Are the payrises mentioned in the article contractual, do the government have no option but to pay them ?


----------



## GMD (12 May 2009)

My understanding is that increments are part of the terms and conditions of certain jobs both public and private (esp Banking) so that whilst people are taking salary freezes or paycuts (i.e. non payment of the partnership agreements) that they may still be able to get the next increment on the scale.
I accept that there is serious hardship being felt at the moment by a lot of people but I really would be interested in getting accurate figures on quotes like "at a time when nearly everyone in the private sector has been given a paycut or lost their job" is this actually the case.
The reason I say this is because from speaking to friends of mine recently in professional circles, the landsdowne research in the article doesn't add up, none had lost their jobs, one had taken a paycut (graphic design), most continued to be paid as normal, (Doctors, accountants, Solicitors) and a number were getting their agreed increase in 09 and one got a bonus at Easter for 08 targets(Non Irish bank, however they were told that the bank would not cover gym or golfclub membership this year)


----------



## becky (12 May 2009)

Most staff in the PS/CS are on a scale so freezing increments would be a breach of contract.


----------



## UptheDeise (12 May 2009)

No, of course we can't afford to be dishing out payrises. But the agreement is contractual so there's nothing we can do.


----------



## Firefly (12 May 2009)

Unions i presume, doing their bit for the country again


----------



## Deiseblue (12 May 2009)

Firefly said:


> Unions i presume, doing their bit for the country again


Same in the Banks , all those on union agreed contacts will get an incremental raise annually until they hit top of scale.
I believe the same applies in the ESB.
Yes it is down to the unions doing their bit for their members , thankfully !


----------



## Mpsox (12 May 2009)

Can the country afford to pay this?, no

Does the government have the b..ls to take on the unions over this?, no

are the taxpayers of Ireland going to have to pay for it? yes


----------



## Guest128 (12 May 2009)

Deiseblue said:


> Same in the Banks , all those on union agreed contacts will get an incremental raise annually until they hit top of scale.
> I believe the same applies in the ESB.
> Yes it is down to the unions doing their bit for their members , thankfully !

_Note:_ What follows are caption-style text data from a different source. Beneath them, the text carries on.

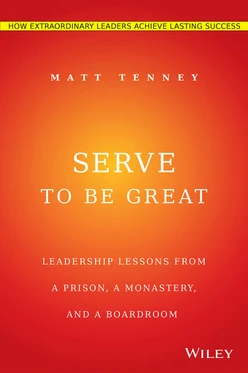 Serve to Be Great: Leadership Lessons from a Prison, a Monastery, and a Boardroom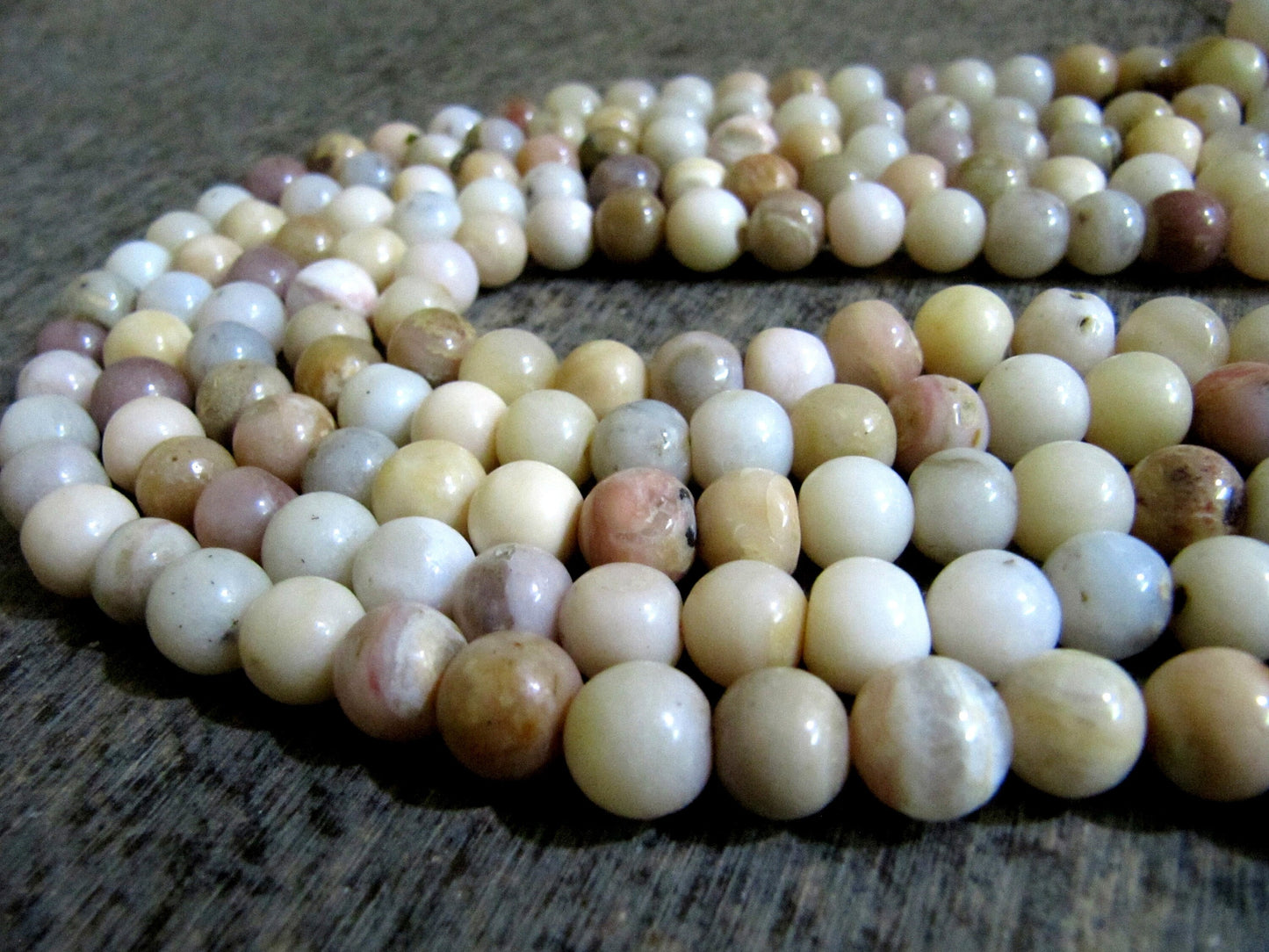Natural Pink Opal Round ball Shape Plain Smooth 10 mm beads strand 13 inches Pink color Gemstone for Jewelry making wholesale Prices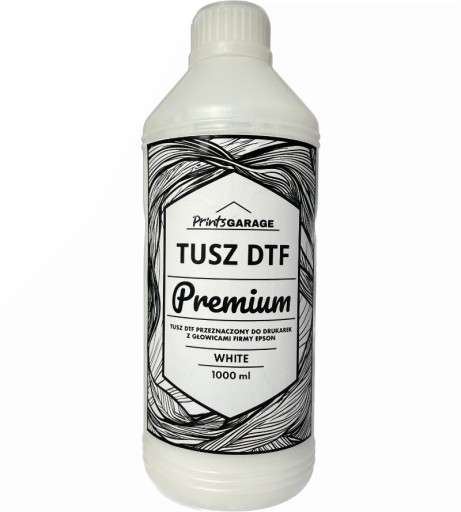 Zdjęcie oferty: Tusz DTF White Premium Oeko-Tex - Prints Garage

Why has there not been more (any) redundancy in the banks when there is elsewhere? They cant possibly be as busy as they used to be, if you took mortgage processing/approving staff alone as an example? What are the staff doing now that were approving 20 mortgages a day for the last 5 years??


----------



## Sunny (12 May 2009)

FLANDERS` said:


> Why has there not been more (any) redundancy in the banks when there is elsewhere? They cant possibly be as busy as they used to be, if you took mortgage processing/approving staff alone as an example? What are the staff doing now that were approving 20 mortgages a day for the last 5 years??


 
Have been moved to chasing up the loans!!


----------



## Mpsox (12 May 2009)

FLANDERS` said:


> Why has there not been more (any) redundancy in the banks when there is elsewhere? They cant possibly be as busy as they used to be, if you took mortgage processing/approving staff alone as an example? What are the staff doing now that were approving 20 mortgages a day for the last 5 years??


 
Many of them have been moved to debt recovery, most temps/agency staff have been left go and they have recruitment bans in place. Ulster Bank for example has negotiated with the union for a 10% reduction in staff numbers over the next 12 months.


----------



## Deiseblue (12 May 2009)

FLANDERS` said:


> Why has there not been more (any) redundancy in the banks when there is elsewhere? They cant possibly be as busy as they used to be, if you took mortgage processing/approving staff alone as an example? What are the staff doing now that were approving 20 mortgages a day for the last 5 years??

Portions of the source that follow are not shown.